Your task: Within the lines below, the span from the line with "2026 BMW i4 xDrive40" to the line with "Foto 8 de Chácara", both ends included, is to be reproduced exactly, with pictures omitted.

* * * * * * *

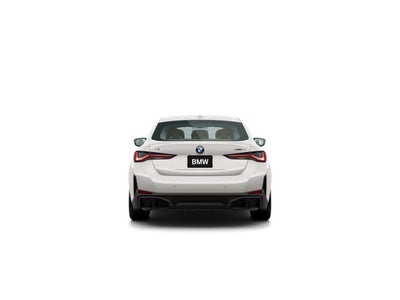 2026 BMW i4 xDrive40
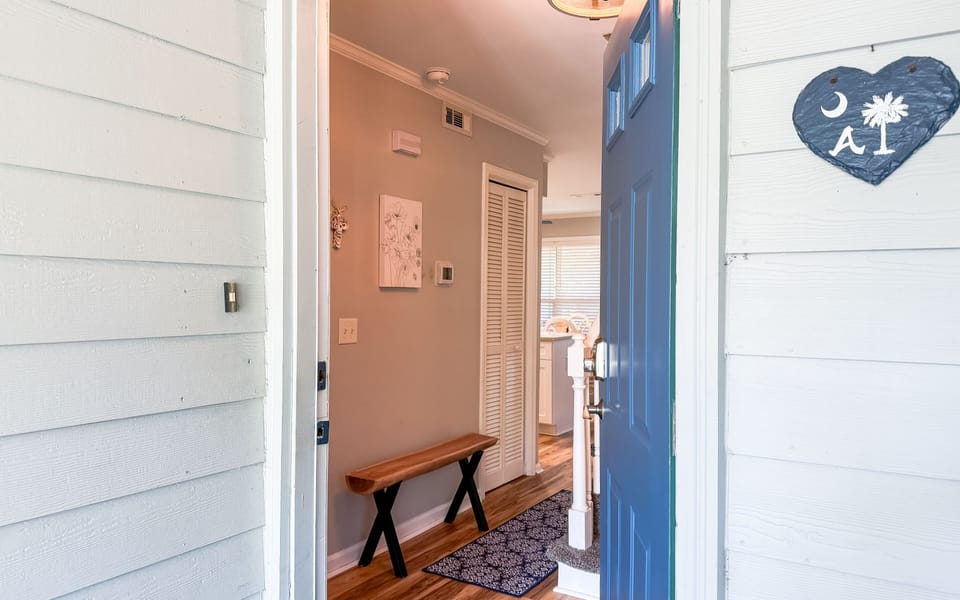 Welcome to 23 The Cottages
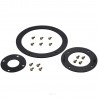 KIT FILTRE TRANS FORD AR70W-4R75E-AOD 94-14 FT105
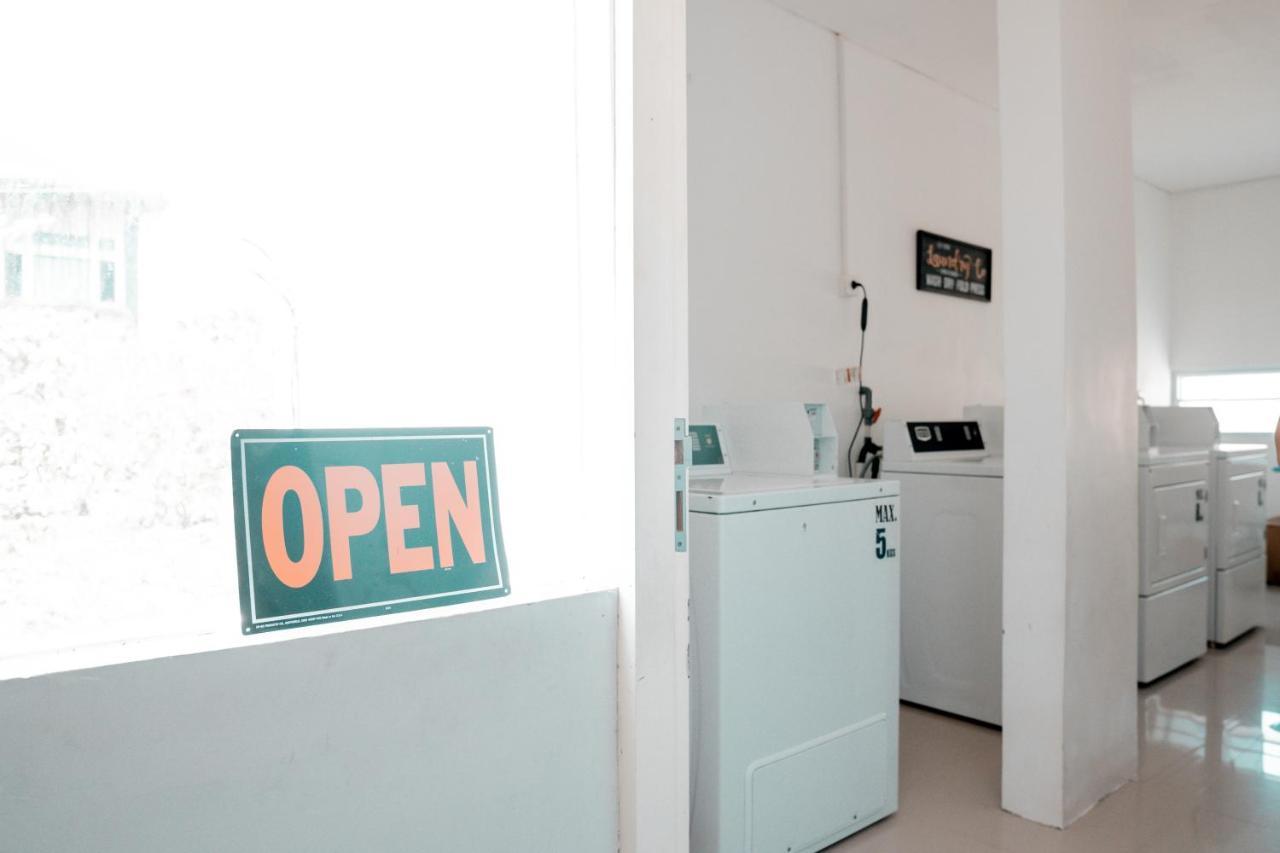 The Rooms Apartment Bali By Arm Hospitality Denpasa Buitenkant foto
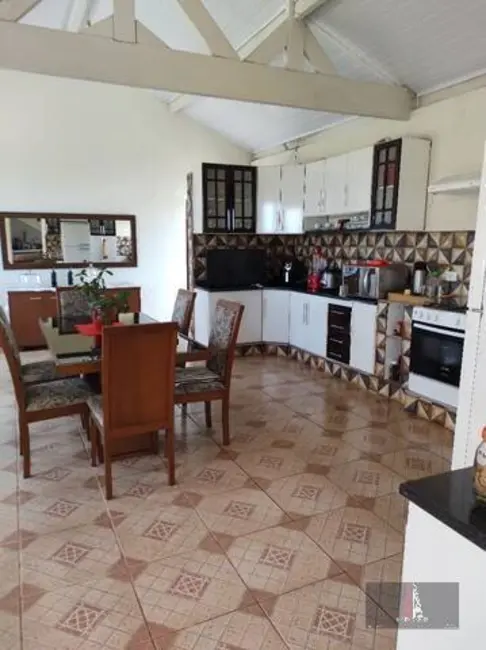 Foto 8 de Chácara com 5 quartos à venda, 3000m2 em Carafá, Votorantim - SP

* * * * * * *

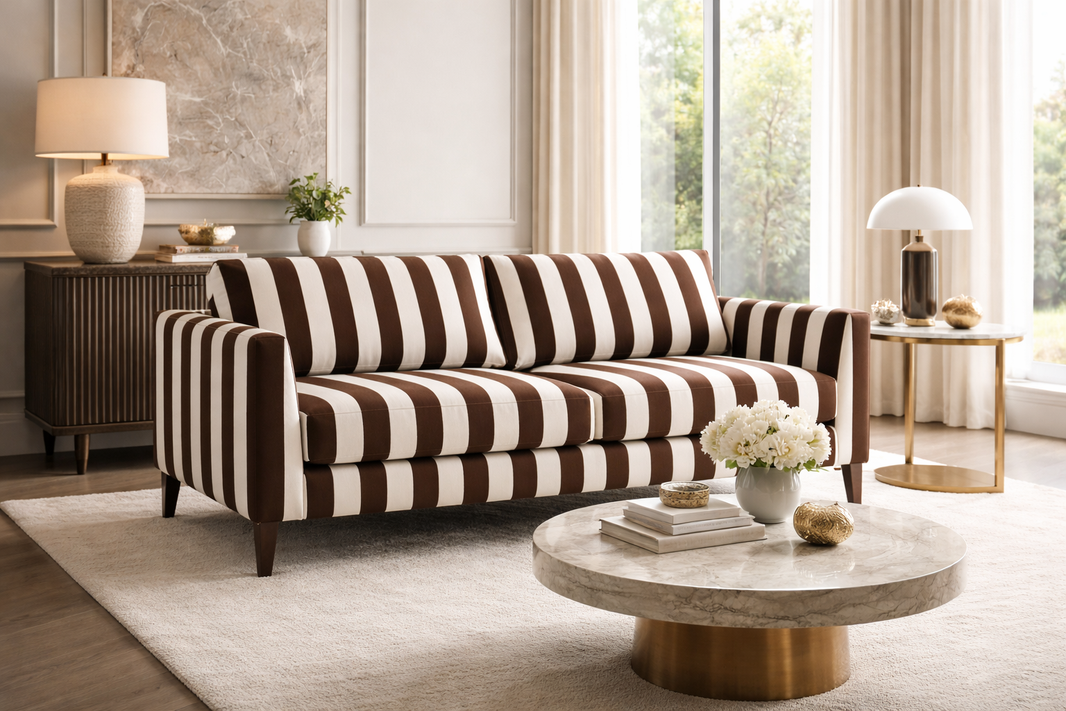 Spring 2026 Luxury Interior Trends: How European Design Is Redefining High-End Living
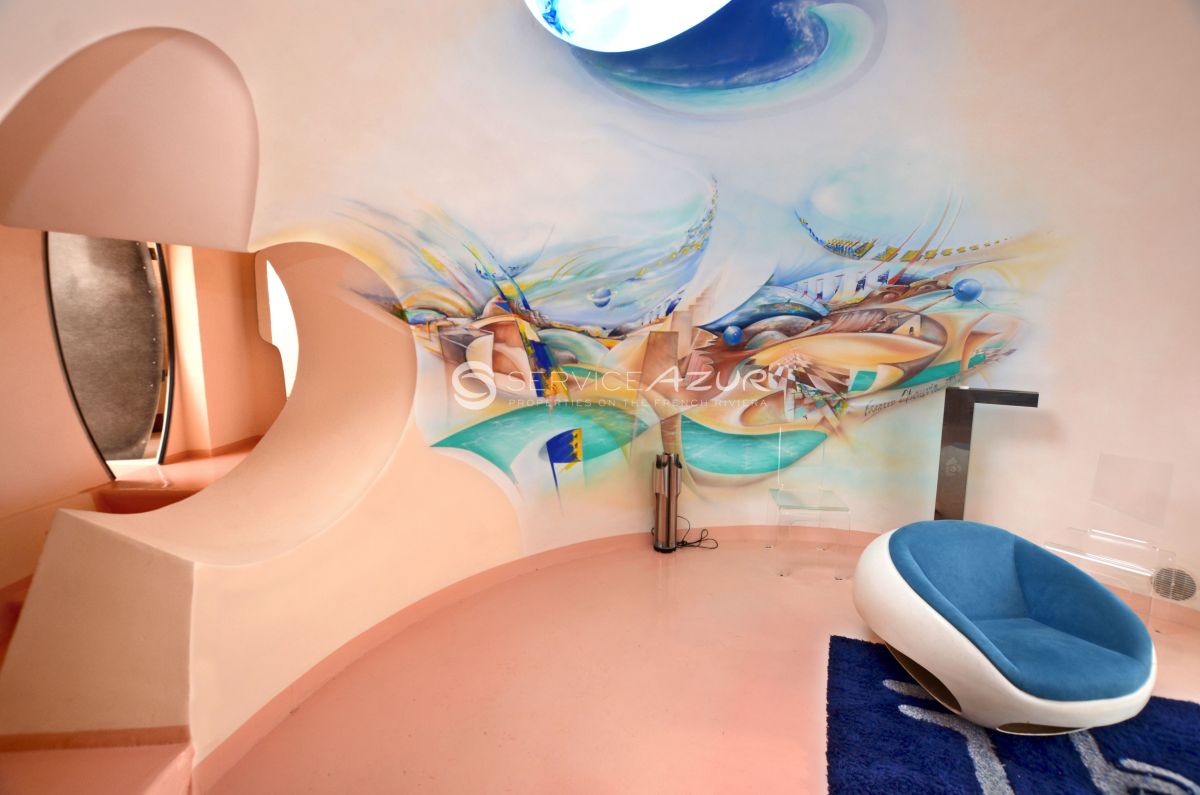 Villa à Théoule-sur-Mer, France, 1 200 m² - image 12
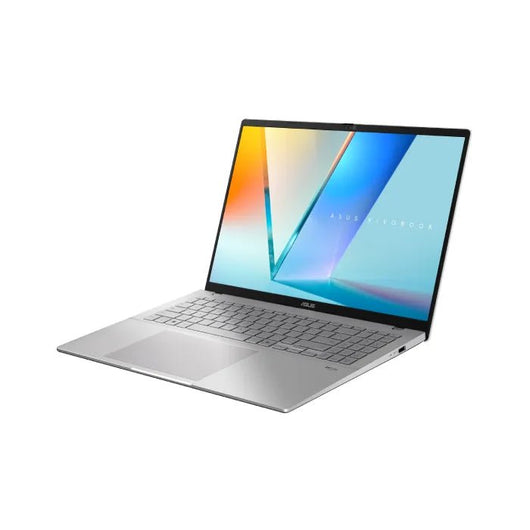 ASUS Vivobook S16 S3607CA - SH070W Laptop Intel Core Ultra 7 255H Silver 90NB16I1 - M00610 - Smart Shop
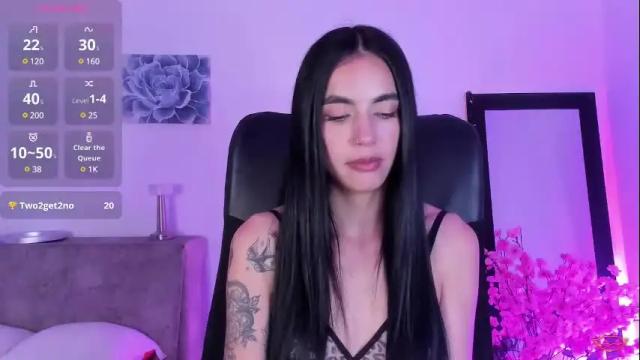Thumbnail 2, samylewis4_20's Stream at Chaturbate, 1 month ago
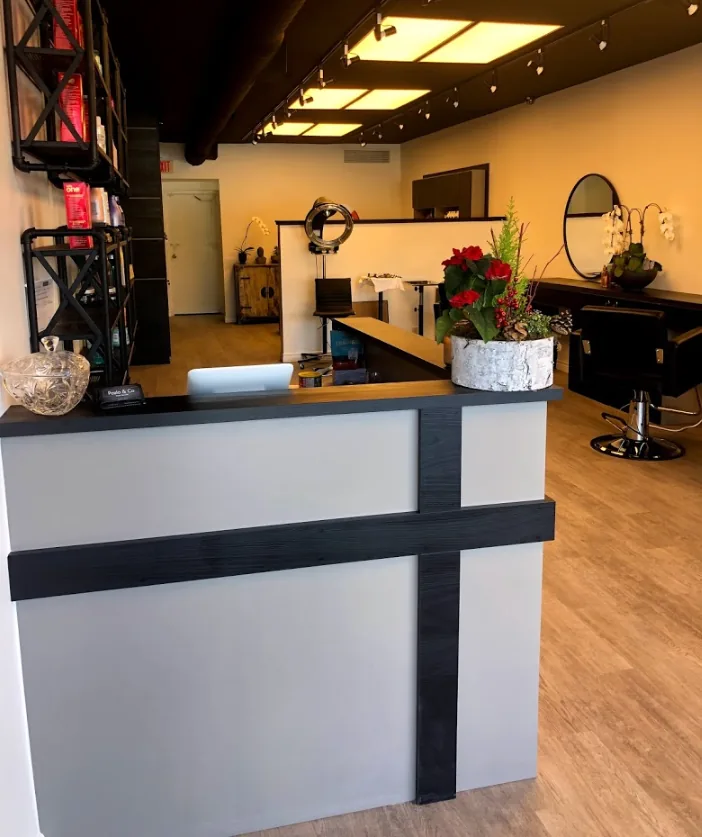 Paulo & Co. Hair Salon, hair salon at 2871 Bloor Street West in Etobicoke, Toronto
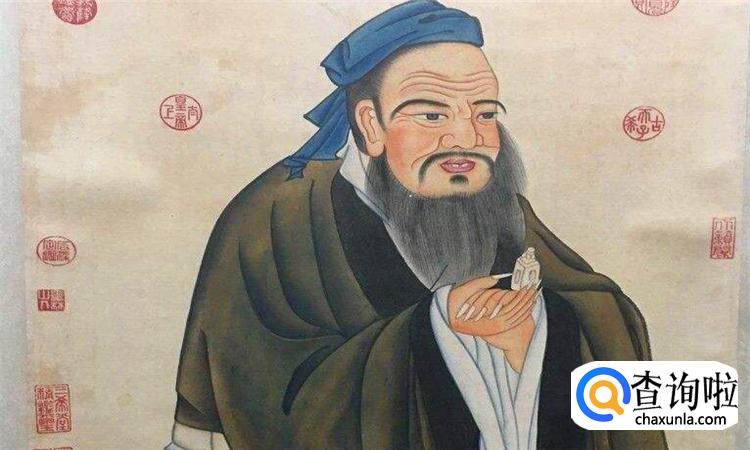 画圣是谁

* * * * * * *

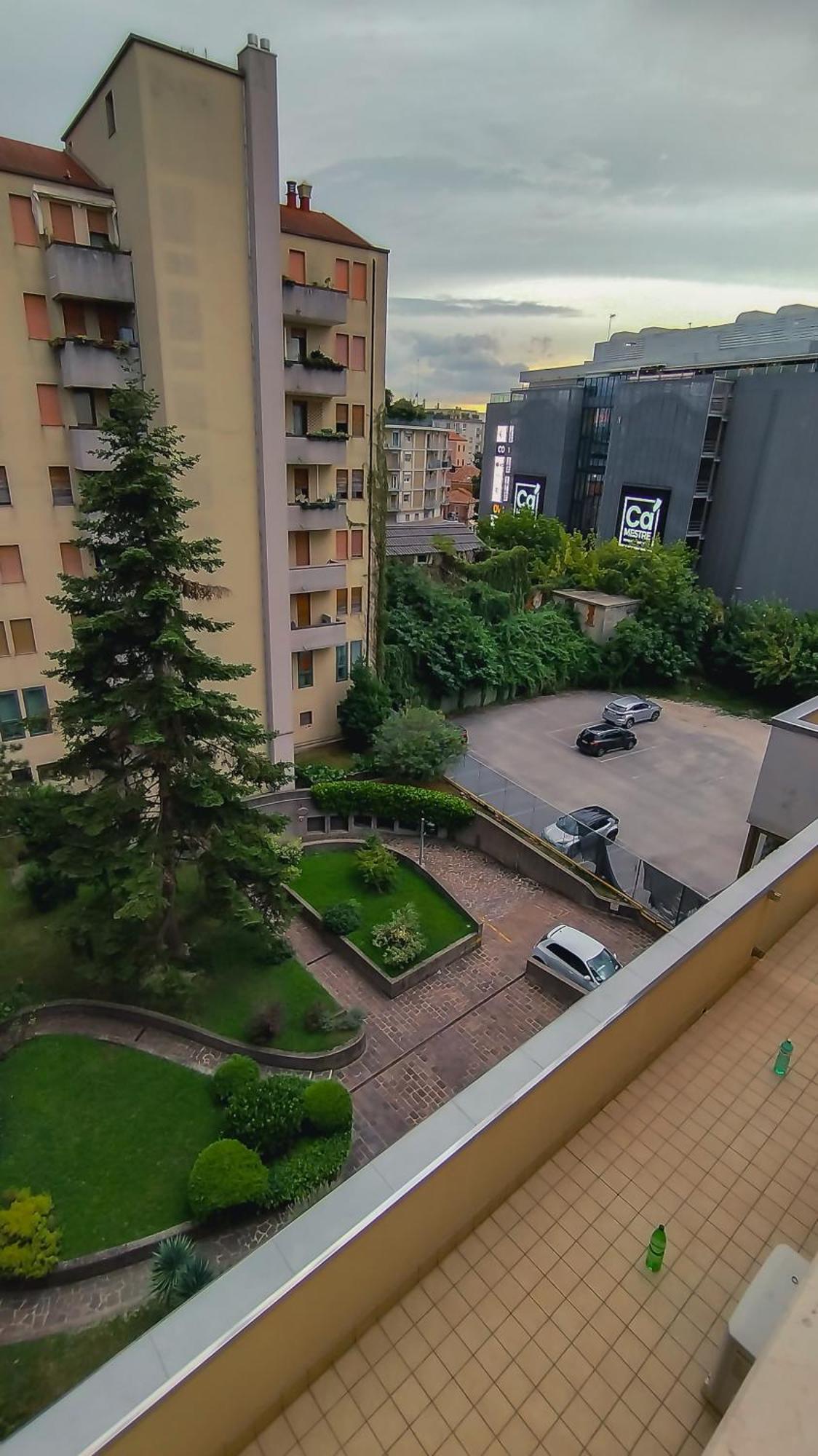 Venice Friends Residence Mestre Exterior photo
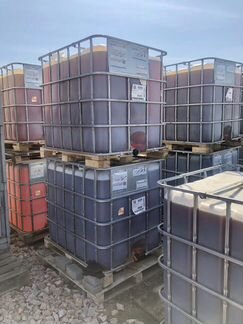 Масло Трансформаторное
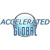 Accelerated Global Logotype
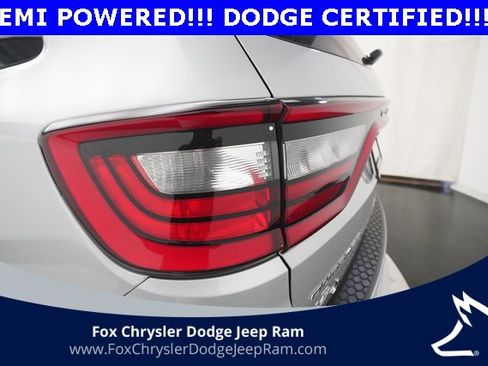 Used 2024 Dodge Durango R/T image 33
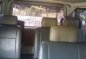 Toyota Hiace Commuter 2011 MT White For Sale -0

* * * * * * *

Output of the exercise:
 2026 BMW i4 xDrive40
 Welcome to 23 The Cottages
 KIT FILTRE TRANS FORD AR70W-4R75E-AOD 94-14 FT105
 The Rooms Apartment Bali By Arm Hospitality Denpasa Buitenkant foto
 Foto 8 de Chácara com 5 quartos à venda, 3000m2 em Carafá, Votorantim - SP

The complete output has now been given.